Segment Start: Data shown

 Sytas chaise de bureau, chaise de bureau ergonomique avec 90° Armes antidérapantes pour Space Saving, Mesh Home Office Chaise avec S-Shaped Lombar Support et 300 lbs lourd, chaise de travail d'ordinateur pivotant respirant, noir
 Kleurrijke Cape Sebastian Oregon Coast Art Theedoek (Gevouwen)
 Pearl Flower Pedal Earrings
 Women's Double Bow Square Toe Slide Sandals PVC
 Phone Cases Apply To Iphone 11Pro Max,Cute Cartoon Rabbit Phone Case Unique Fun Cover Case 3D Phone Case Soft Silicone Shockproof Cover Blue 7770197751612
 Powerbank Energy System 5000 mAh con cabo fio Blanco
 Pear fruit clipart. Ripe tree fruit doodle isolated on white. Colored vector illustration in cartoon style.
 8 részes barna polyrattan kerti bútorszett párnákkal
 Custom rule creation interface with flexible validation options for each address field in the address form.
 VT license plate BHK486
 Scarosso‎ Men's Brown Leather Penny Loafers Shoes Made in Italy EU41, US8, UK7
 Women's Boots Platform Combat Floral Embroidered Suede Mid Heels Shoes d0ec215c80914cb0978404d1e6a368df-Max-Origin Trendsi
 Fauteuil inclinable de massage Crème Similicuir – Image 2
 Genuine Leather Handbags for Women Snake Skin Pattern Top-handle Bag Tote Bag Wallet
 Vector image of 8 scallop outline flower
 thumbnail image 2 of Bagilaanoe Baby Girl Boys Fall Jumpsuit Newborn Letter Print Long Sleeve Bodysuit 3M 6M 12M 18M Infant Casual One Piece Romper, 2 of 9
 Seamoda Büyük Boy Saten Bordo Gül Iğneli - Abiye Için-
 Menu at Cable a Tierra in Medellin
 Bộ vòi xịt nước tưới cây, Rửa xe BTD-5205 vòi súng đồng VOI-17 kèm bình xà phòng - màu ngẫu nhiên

Segment End: Data shown

** Problem to work on **
Retype the listing above in full, with no alterations.

** Exercise response **
 Sytas chaise de bureau, chaise de bureau ergonomique avec 90° Armes antidérapantes pour Space Saving, Mesh Home Office Chaise avec S-Shaped Lombar Support et 300 lbs lourd, chaise de travail d'ordinateur pivotant respirant, noir
 Kleurrijke Cape Sebastian Oregon Coast Art Theedoek (Gevouwen)
 Pearl Flower Pedal Earrings
 Women's Double Bow Square Toe Slide Sandals PVC
 Phone Cases Apply To Iphone 11Pro Max,Cute Cartoon Rabbit Phone Case Unique Fun Cover Case 3D Phone Case Soft Silicone Shockproof Cover Blue 7770197751612
 Powerbank Energy System 5000 mAh con cabo fio Blanco
 Pear fruit clipart. Ripe tree fruit doodle isolated on white. Colored vector illustration in cartoon style.
 8 részes barna polyrattan kerti bútorszett párnákkal
 Custom rule creation interface with flexible validation options for each address field in the address form.
 VT license plate BHK486
 Scarosso‎ Men's Brown Leather Penny Loafers Shoes Made in Italy EU41, US8, UK7
 Women's Boots Platform Combat Floral Embroidered Suede Mid Heels Shoes d0ec215c80914cb0978404d1e6a368df-Max-Origin Trendsi
 Fauteuil inclinable de massage Crème Similicuir – Image 2
 Genuine Leather Handbags for Women Snake Skin Pattern Top-handle Bag Tote Bag Wallet
 Vector image of 8 scallop outline flower
 thumbnail image 2 of Bagilaanoe Baby Girl Boys Fall Jumpsuit Newborn Letter Print Long Sleeve Bodysuit 3M 6M 12M 18M Infant Casual One Piece Romper, 2 of 9
 Seamoda Büyük Boy Saten Bordo Gül Iğneli - Abiye Için-
 Menu at Cable a Tierra in Medellin
 Bộ vòi xịt nước tưới cây, Rửa xe BTD-5205 vòi súng đồng VOI-17 kèm bình xà phòng - màu ngẫu nhiên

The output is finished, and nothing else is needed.